Presenter: Fidel Ulin

When: Thursday, July 14, 2016      Time: 2:30 PM - 4:00 PM

Room: Salon B Carson Hall (Level 2)

Session Synopsis:

Multivariate regression models to determine risk factors associated with incidence, severity and duration of chronic pain after surgery

Objective: In this study, we investigated the risk factors associated with development of chronic post-surgical pain, as well as the relationship of comorbidities (obesity, diabetes, and hypertension) with the development of chronic pain, assessing the development of chronic postoperative pain intensity of temporary transition from acute to chronic. Methods: A retrospective study was conducted with 50 patients aged 26 to 72 years who underwent amputation, mastectomy, cholecystectomy, and plasties surgery between March and June 2015. Patients were followed up by telephone in October 2015. Analysis included incidence, severity, and duration of chronic pain. Severity was categorized by means of visual analogue scale, represented on a 0-10 long line, labeled with the phrase "no pain” on one end, and “worst pain”. Duration of chronic pain was considered by 24 hours, 2 months, and 6 months. Using Chi-square test and multivariate logistic regression analysis risk factors associated with the incidence and severity of chronic pain after surgery were also identified. Results: Chronic pain after surgery was more likely to occur in the mastectomy and cholecystectomy groups compared with the other types of surgery (P=0.005). Diabetic patients who underwent cholecystectomy surgery reported significantly more pain than non-diabetic patients (P=0.006).
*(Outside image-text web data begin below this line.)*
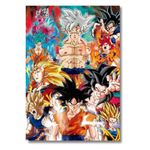 Goku | Dragon Ball Z Posters for Wall | A3 and A4 sizes | 400 GSM Paper | Gloss Lamination | Premium Packaging (Medium-A4, Goku)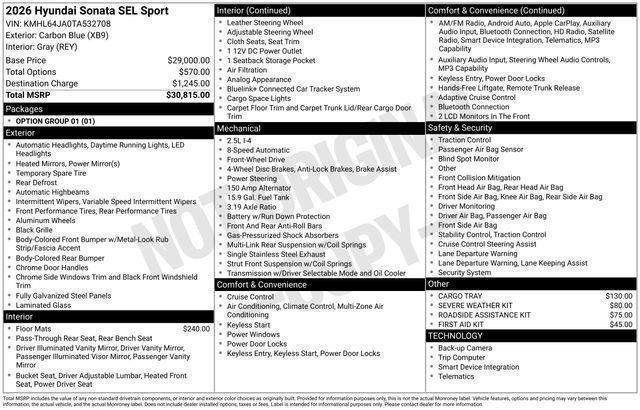 Hyundai Sonata  2026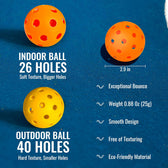 Pickleball Fiberglass Racket Set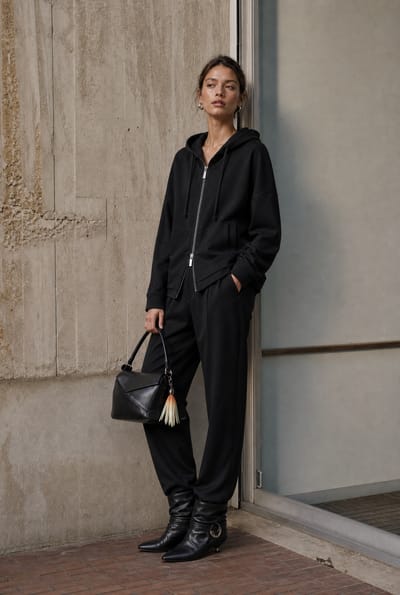 Simona jacket technical jersey | Black - Black / M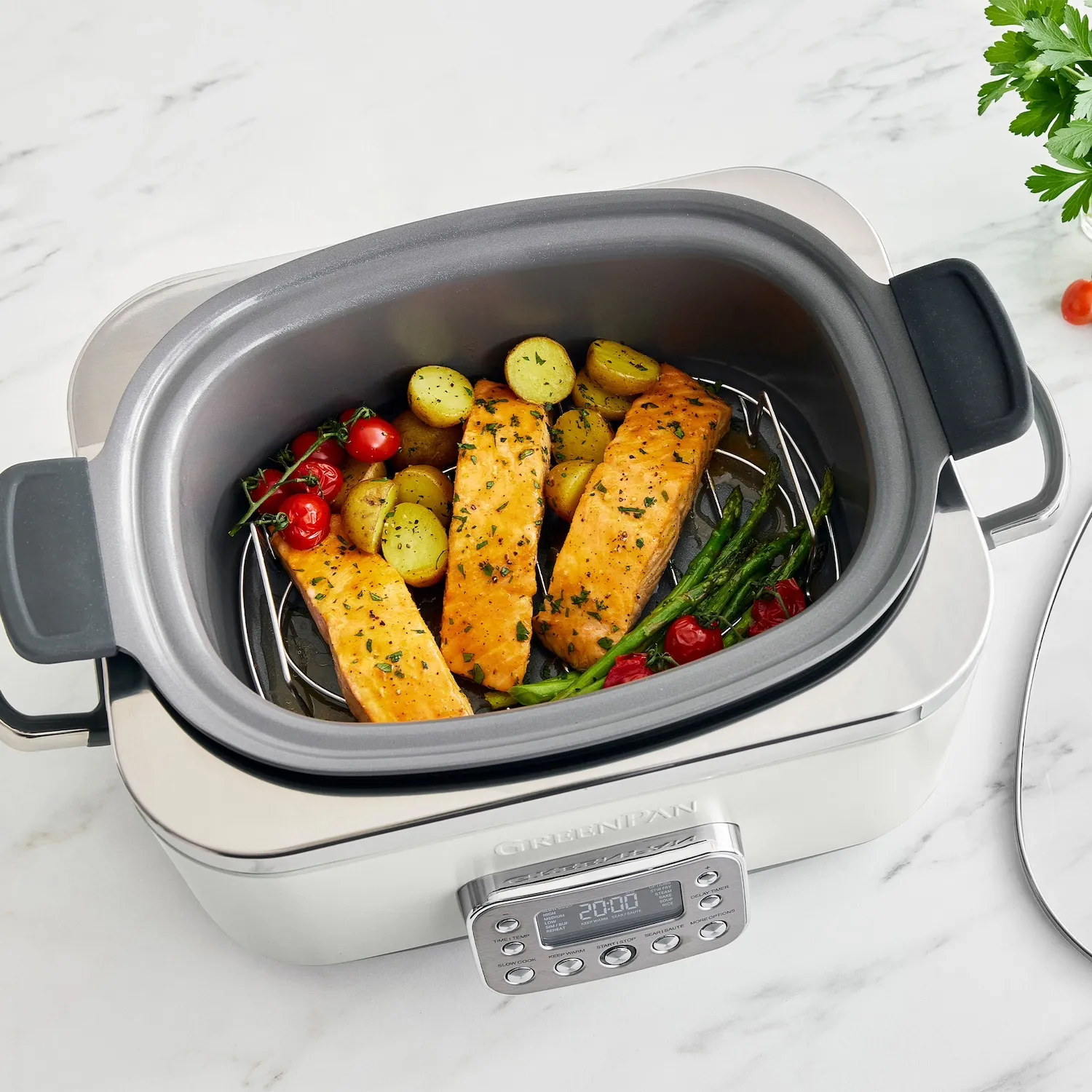 GreenPan Elite Slow Cooker, 6 qt.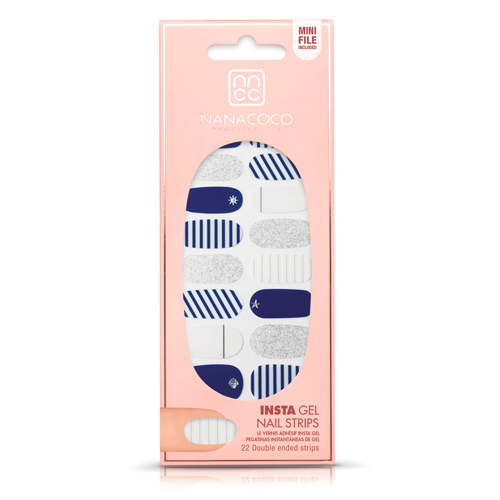 Nanacoco Professional | Insta Gel Nail Strips-Bon Voyage-Gloss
About risk factors between patient categories by type of surgery, it found significant risk factor on overweight and a history of hypertension and diabetes. Conclusions: Results indicate that patients with overweight and a history of hypertension and diabetes undergoing open cholecystectomy and mastectomy surgery have greater postoperative pain and incidence of severe pain scores. Therefore, analgesic treatment in those patients should consider this consideration to provide a satisfactory postoperative analgesia. Key words: Multivariate logistic regression model; diabetes, postoperative pain.